[Spambayes] Proposing to remove 4 combining schemes

Rob W. W. Hooft rob@hooft.net
Thu Oct 17 15:12:06 2002


Sean True wrote:
> I hate to try to speak for Joe User (like speaking for the "common man",
> always a red flag), but I _am_ just a user of these scoring schemes. I have
> several hundred messages (commercial email) tucked away in a folder that
> score in the non-chi scheme in the range .4 to .6. That score appears to
> reflect my own real uncertainty about the value of Motley Fool newsletters.
> No snickering, please. A system like chi- looks like a very good choice for
> black and white, upstream discards offers to increase body part size.
> 
> But I don't want these messages automatically discarded upstream, I want
> them labelled so that I can deal with them more efficiently.
> 
> When I sort this particular folder by spam score, I get MIT club and
> Infoworld newsletters at the the beginning (the good end), and the Motley
> Fool and Edgar Online at the other end, with a range of spam score from .2
> to .6 Just right. If I could color them continuously, it would be easy to
> spot the ones I want to read, now. And over time, as I change my definition
> of spam, their position in the list looks like it will vary smoothly -- and
> appropriately.
> 
> This may not fit your original mission statement, but mission statements
> often don't survive contact with the enemy, err, customer.

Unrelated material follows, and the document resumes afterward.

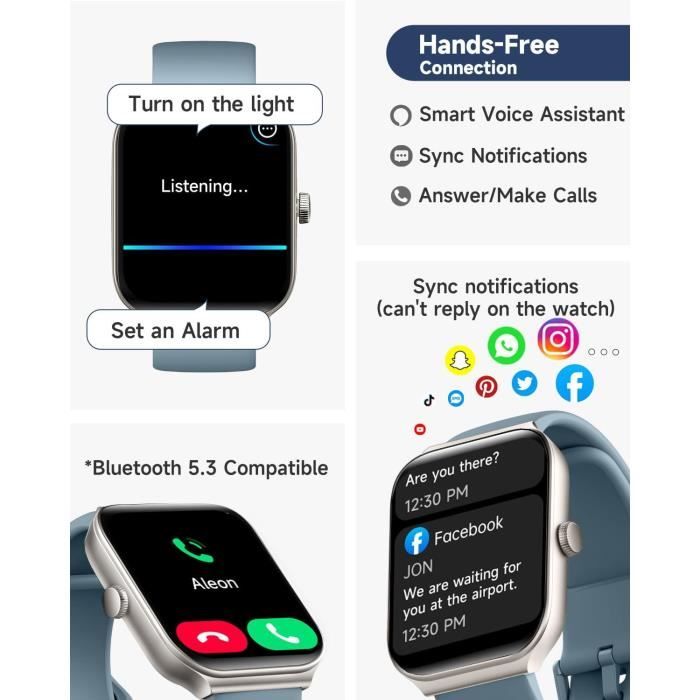 Montre Connectée Femme TOOBUR 1,83" Avec Alexa - Podomètre, 100 Sports, Appels, Cardio - Étanche IP68 - Compatible IOS/Android - 11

But I agree 100%! Sorting on the spamminess/hamminess is very useful. 
Coloring on the spamminess/hamminess is very useful. But only in the 
middle ground folder. And the numeric values as such are useless, that 
is MHO. Part of my work is to make "clean" user interfaces, and I am 
allergic to showing things that the user can't do anything with.

I understood the original idea of Tim as that he wanted to see the 
spamminess of clearcut spam and the hamminess of clearcut ham. I don't 
see the point of that, but there would be an easy way to do it: Remap 
the probabilities such that 0->0; hamcutoff->0.33; spamcutoff->0.66; 
1->1 using any monotonic increasing function (e.g. three linear segments).

Rob

-- 
Rob W.W. Hooft  ||  rob@hooft.net  ||  http://www.hooft.net/people/rob/